由$1-\frac{1}{2^*-1}>0, C_2$适当小, 我们有$g(t_0)>0.$所以当$t=t_0$时, $I(tu)$是增函数.

上述表明, 对于$u\in\overline{B_R}, u>0, $函数$I(tu)$存在局部极小值.

由引理2.2, 对于充分小的$R$, 我们可以得到$I_g(tu)$的一个$(PS)_c$序列:

$ \{u_n\}\subset{\cal D}^{1, 2}({\Bbb R}^N), I_g(u_n)\rightarrow I_0, I'_g(u_n)\rightarrow 0 $

由$I_0=\inf\limits_{u\in\overline{B_R}}I_g(u) < 0 < \frac{1}{N}S^\frac{N}{2}$, 利用引理2.3可知:存在$u_0\in\overline{B_R}, $使得$I_0=I_g(u_0)$和$I'_g(u_0)=0.$即$u_0$是问题(1.1)的解.
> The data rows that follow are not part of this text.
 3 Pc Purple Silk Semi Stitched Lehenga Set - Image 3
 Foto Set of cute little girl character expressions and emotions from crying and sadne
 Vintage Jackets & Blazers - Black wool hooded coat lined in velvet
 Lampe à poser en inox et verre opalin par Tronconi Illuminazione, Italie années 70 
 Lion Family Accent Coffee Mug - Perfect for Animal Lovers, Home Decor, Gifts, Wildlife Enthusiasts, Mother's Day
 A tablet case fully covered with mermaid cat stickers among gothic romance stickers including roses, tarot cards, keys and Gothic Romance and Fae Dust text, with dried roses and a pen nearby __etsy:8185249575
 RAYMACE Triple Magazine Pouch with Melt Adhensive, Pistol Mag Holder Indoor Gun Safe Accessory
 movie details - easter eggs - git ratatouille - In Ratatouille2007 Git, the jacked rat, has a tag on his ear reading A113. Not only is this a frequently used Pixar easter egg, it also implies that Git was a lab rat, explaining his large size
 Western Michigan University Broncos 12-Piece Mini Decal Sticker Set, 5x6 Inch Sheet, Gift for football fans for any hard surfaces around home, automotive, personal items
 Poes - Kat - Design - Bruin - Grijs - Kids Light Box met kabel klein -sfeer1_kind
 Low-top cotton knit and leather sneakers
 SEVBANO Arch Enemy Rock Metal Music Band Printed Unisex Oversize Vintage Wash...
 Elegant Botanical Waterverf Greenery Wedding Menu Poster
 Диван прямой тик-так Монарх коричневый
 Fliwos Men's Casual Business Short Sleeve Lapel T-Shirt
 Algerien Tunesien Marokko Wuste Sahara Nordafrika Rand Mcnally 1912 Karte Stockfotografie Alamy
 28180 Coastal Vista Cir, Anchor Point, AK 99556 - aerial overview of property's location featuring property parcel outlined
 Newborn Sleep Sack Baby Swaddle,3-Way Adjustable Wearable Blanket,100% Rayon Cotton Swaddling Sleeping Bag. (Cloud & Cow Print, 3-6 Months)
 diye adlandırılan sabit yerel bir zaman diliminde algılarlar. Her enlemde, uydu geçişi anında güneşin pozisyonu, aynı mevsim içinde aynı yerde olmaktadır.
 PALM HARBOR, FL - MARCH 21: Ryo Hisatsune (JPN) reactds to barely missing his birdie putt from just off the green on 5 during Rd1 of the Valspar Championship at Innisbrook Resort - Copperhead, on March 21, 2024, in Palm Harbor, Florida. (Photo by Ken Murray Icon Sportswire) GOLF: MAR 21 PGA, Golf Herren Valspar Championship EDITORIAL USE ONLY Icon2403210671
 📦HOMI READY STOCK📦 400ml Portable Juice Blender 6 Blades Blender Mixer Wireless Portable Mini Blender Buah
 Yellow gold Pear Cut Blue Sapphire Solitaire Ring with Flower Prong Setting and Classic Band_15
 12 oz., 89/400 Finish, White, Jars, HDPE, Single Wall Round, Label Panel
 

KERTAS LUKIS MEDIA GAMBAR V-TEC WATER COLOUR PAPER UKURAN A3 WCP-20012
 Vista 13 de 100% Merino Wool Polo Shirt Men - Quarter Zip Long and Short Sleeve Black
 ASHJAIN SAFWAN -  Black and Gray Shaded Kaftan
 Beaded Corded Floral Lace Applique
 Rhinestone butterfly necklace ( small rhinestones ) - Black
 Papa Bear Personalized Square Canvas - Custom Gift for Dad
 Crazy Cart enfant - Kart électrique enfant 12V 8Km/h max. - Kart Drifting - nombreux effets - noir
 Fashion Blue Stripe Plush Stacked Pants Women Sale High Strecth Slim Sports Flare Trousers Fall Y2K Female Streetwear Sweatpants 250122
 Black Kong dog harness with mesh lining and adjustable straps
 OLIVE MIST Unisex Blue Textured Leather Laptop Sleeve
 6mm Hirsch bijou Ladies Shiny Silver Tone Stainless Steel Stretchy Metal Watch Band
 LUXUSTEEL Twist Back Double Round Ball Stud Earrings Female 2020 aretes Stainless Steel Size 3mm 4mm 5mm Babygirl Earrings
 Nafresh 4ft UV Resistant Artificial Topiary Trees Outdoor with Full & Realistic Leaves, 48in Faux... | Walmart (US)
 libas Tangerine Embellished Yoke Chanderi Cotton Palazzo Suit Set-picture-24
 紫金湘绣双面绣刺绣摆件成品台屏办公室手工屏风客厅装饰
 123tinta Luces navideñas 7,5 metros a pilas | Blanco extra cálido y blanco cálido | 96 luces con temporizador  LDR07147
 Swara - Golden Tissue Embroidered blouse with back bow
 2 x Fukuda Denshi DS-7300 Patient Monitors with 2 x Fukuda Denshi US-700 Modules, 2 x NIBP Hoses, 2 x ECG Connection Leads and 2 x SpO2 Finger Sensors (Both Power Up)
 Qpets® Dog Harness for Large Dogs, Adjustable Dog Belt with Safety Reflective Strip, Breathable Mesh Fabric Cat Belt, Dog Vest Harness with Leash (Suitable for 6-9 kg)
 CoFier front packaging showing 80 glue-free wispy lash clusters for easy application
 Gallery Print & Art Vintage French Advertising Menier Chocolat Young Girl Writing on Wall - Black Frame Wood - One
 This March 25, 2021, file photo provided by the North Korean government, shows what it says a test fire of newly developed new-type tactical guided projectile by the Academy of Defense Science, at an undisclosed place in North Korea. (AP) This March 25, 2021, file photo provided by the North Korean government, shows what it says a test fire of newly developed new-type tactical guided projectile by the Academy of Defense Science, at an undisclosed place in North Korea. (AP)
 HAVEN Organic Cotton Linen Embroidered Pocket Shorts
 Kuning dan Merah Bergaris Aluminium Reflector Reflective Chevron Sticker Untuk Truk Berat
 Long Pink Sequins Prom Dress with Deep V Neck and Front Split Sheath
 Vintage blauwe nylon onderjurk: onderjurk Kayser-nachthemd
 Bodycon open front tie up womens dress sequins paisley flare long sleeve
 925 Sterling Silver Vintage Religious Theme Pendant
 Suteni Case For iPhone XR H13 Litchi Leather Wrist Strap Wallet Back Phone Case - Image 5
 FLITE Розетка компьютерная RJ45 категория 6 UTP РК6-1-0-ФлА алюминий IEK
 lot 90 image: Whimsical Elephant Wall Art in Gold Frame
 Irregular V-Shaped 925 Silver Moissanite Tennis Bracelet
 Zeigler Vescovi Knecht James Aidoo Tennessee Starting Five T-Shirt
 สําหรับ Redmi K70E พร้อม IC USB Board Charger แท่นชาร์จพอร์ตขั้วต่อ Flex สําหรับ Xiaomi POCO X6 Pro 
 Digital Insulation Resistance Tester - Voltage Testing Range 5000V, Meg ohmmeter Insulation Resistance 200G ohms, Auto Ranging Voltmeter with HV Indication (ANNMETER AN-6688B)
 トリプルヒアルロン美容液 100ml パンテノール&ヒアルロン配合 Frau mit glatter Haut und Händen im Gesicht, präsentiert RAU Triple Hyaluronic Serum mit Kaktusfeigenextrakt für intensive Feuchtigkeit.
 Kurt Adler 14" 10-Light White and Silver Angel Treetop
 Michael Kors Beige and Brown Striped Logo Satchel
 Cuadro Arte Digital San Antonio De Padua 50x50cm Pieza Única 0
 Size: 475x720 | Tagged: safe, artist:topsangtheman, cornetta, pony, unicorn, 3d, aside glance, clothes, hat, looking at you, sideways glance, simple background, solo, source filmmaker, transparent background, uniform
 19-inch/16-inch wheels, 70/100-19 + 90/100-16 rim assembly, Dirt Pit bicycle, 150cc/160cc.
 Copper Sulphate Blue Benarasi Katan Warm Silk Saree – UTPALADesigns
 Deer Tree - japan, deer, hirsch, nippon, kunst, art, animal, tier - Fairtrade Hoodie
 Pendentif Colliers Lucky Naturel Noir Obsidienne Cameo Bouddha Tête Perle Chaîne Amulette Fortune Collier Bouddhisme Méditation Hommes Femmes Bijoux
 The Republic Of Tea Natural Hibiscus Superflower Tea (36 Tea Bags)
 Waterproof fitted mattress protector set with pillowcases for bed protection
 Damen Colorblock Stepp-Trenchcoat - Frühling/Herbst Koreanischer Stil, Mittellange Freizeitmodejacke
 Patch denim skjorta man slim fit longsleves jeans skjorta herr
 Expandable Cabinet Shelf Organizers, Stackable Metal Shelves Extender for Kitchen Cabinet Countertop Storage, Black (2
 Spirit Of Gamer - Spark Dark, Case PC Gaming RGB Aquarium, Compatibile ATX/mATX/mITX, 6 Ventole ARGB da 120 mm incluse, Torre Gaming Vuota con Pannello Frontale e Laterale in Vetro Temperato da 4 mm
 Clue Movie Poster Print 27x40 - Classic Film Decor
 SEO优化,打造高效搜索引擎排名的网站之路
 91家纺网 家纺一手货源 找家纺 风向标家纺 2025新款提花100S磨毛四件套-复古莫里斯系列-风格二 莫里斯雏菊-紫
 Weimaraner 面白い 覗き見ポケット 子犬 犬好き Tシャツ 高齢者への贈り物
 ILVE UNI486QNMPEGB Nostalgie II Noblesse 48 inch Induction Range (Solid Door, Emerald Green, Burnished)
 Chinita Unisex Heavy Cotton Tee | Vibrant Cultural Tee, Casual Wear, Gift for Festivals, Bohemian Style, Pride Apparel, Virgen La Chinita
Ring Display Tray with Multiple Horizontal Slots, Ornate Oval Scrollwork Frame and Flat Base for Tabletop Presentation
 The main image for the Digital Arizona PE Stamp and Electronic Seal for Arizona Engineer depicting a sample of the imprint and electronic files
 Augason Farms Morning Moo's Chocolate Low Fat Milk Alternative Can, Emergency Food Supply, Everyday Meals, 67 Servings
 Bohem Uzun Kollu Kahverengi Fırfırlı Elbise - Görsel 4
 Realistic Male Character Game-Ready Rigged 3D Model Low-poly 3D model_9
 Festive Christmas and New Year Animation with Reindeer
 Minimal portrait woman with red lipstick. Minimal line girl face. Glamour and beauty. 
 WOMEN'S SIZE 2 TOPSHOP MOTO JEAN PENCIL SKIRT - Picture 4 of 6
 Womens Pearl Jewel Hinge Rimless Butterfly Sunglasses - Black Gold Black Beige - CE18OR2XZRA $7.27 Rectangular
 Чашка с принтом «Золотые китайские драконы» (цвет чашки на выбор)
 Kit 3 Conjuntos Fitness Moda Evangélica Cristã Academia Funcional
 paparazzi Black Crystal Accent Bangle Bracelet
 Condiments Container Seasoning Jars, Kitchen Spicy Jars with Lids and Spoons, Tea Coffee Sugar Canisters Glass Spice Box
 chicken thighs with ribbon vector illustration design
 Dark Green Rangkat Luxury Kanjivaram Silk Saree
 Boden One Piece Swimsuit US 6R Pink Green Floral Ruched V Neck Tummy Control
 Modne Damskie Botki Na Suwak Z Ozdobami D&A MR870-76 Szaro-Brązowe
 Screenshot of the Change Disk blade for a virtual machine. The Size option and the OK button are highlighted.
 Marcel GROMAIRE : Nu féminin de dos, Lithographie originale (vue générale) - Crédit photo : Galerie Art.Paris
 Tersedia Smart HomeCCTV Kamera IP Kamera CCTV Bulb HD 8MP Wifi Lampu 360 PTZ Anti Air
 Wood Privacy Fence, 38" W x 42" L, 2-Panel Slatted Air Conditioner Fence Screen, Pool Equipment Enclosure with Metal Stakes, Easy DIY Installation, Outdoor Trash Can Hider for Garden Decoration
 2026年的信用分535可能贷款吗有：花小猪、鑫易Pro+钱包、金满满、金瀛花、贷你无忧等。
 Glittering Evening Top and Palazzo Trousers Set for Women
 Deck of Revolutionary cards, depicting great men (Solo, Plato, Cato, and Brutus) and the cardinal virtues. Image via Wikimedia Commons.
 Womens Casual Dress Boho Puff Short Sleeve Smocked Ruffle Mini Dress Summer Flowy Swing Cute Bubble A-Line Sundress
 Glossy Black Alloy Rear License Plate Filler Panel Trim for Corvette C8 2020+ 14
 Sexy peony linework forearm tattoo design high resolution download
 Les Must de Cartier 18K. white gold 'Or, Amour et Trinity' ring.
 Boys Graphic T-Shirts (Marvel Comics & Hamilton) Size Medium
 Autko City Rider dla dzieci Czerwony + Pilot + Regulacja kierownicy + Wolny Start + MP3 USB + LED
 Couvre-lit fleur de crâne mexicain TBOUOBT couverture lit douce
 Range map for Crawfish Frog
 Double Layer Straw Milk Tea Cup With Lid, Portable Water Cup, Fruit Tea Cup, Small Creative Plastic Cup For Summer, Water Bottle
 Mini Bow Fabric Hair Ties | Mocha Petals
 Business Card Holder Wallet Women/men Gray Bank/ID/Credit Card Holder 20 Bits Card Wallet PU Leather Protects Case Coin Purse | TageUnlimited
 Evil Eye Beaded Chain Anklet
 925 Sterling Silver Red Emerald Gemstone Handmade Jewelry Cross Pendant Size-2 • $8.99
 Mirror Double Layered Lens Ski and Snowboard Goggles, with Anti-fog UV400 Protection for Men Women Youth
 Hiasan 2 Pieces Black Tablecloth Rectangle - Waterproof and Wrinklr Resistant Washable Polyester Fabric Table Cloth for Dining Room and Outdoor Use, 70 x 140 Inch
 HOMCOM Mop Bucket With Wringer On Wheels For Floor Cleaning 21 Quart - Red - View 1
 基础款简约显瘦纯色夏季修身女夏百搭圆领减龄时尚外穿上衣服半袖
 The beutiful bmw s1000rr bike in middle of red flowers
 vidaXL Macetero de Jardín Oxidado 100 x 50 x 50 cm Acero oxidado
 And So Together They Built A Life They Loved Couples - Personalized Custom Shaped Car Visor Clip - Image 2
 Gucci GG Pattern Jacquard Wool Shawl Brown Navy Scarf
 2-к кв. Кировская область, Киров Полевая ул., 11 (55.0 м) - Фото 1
定理3.2  假设$ u\in{\cal D}^{1, 2}({\Bbb R}^N)$, $ g(x)\in L^{\frac{2N}{N+2}}({\Bbb R}^N)$, $g(x)\geq0, g(x)\not\equiv 0$, $\parallel g\parallel_{L^{\frac{2N}{N+2}}({\Bbb R}^N)}\leq C$, 其中$C$适当小, 由山路引理, 问题(1.1)存在另一个解.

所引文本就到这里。